Rig-Aware 3D Reconstruction of Vehicle Undercarriages using Gaussian Splatting

TL;DR

This paper introduces a rig-aware 3D reconstruction pipeline for vehicle undercarriages that leverages a multi-camera rig and advanced SfM techniques to produce interactive, photorealistic models for inspection and buyer confidence.

Contribution

The paper presents a novel rig-aware SfM pipeline that addresses wide-angle distortion and low-parallax challenges using precise calibration, synchronized videos, and learned feature matching.

Findings

Achieves high-quality, photorealistic 3D models of vehicle undercarriages.

Enables real-time rendering and interactive inspection.
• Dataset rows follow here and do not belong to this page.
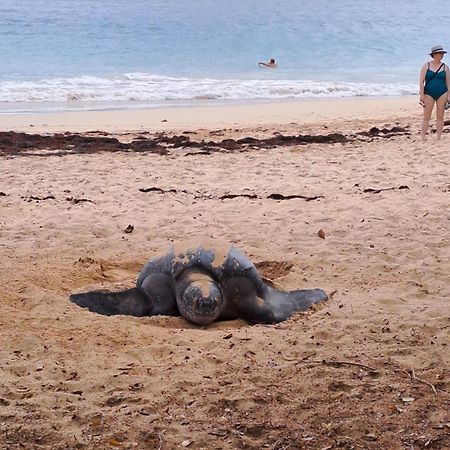 Ferienwohnung Sejour De Reve En Martinique 6 Pers Avec Piscine Les Trois-Ilets Exterior foto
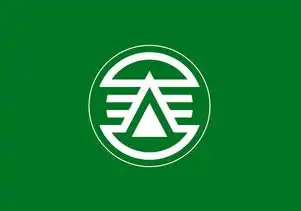 日本云服务器购买，日本云服务器购买指南，性价比之选，助力企业业务腾飞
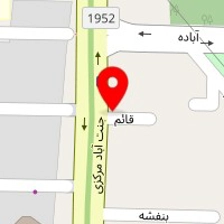 برگر ویژه تین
Demonstrates state-of-the-art reconstruction quality through experiments.

Abstract

Inspecting the undercarriage of used vehicles is a labor-intensive task that requires inspectors to crouch or crawl underneath each vehicle to thoroughly examine it. Additionally, online buyers rarely see undercarriage photos. We present an end-to-end pipeline that utilizes a three-camera rig to capture videos of the undercarriage as the vehicle drives over it, and produces an interactive 3D model of the undercarriage. The 3D model enables inspectors and customers to rotate, zoom, and slice through the undercarriage, allowing them to detect rust, leaks, or impact damage in seconds, thereby improving both workplace safety and buyer confidence. Our primary contribution is a rig-aware Structure-from-Motion (SfM) pipeline specifically designed to overcome the challenges of wide-angle lens distortion and low-parallax scenes. Our method overcomes the challenges of wide-angle lens distortion and low-parallax scenes by integrating precise camera calibration, synchronized video streams, and strong geometric priors from the camera rig. We use a constrained matching strategy with learned components, the DISK feature extractor, and the attention-based LightGlue matcher to generate high-quality sparse point clouds that are often unattainable with standard SfM pipelines. These point clouds seed the Gaussian splatting process to generate photorealistic undercarriage models that render in real-time. Our experiments and ablation studies demonstrate that our design choices are essential to achieve state-of-the-art quality.